After you construct the three models of neural networks, you can compute the performance measure as the class accuracy. You will need to define the number of epochs and size of the training batch. You also might need to reset the graph each time your try a different model. To save time and avoid retraining, you should save the trained model and load it from disk to evaluate a test set. Pick the best model and answer the following:
- Which model yields the best performance measure for your dataset?
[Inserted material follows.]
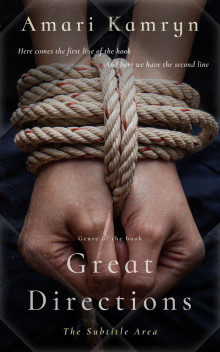 Pre Made Book Cover Cocoa Brown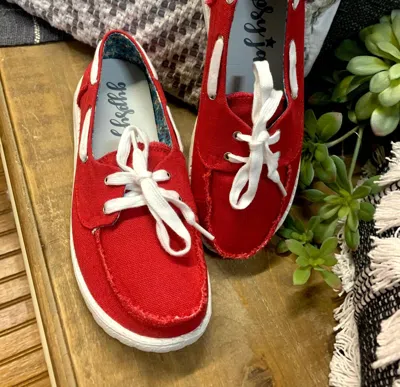 Gypsy Jazz Women's Sail Away Flat Shoe In Red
Provide a reason why it yields the best performance.
- Why did you pick this many hidden layers?
- Provide some justifiable reasons for selecting the number of neurons per hidden layers. 
- Which activation functions did you use?

In the next session you will get a chance to finetune it further .



In [0]:
# Your code goes here
init = tf.global_variables_initializer()
saver = tf.train.Saver()

n_epochs = 15
batch_size = 20

# shuffle_batch() shuffle the examples in a batch before training
def shuffle_batch(X, y, batch_size):
    rnd_idx = np.random.permutation(len(X))
    n_batches = len(X) // batch_size
    for batch_idx in np.array_split(rnd_idx, n_batches):
        X_batch, y_batch = X[batch_idx], y[batch_idx]
        yield X_batch, y_batch


In [21]:
with tf.Session() as sess:
  init.run()
  for epoch in range(n_epochs):
    # implementation of the training ops here
    # implementation of the validation accuracy here
    for X_batch, y_batch in shuffle_batch(X_train, y_train, batch_size):
        sess.run(training_op, feed_dict={X: X_batch, y: y_batch})
    acc_batch = accuracy.eval(feed_dict={X: X_batch, y: y_batch})
    acc_val = accuracy.eval(feed_dict={X: X_valid, y: y_valid})
    print(epoch, "Batch accuracy:", acc_batch, "Val accuracy:", acc_val)
    
  save_path = saver.save(sess, "./my_dnn_model.ckpt")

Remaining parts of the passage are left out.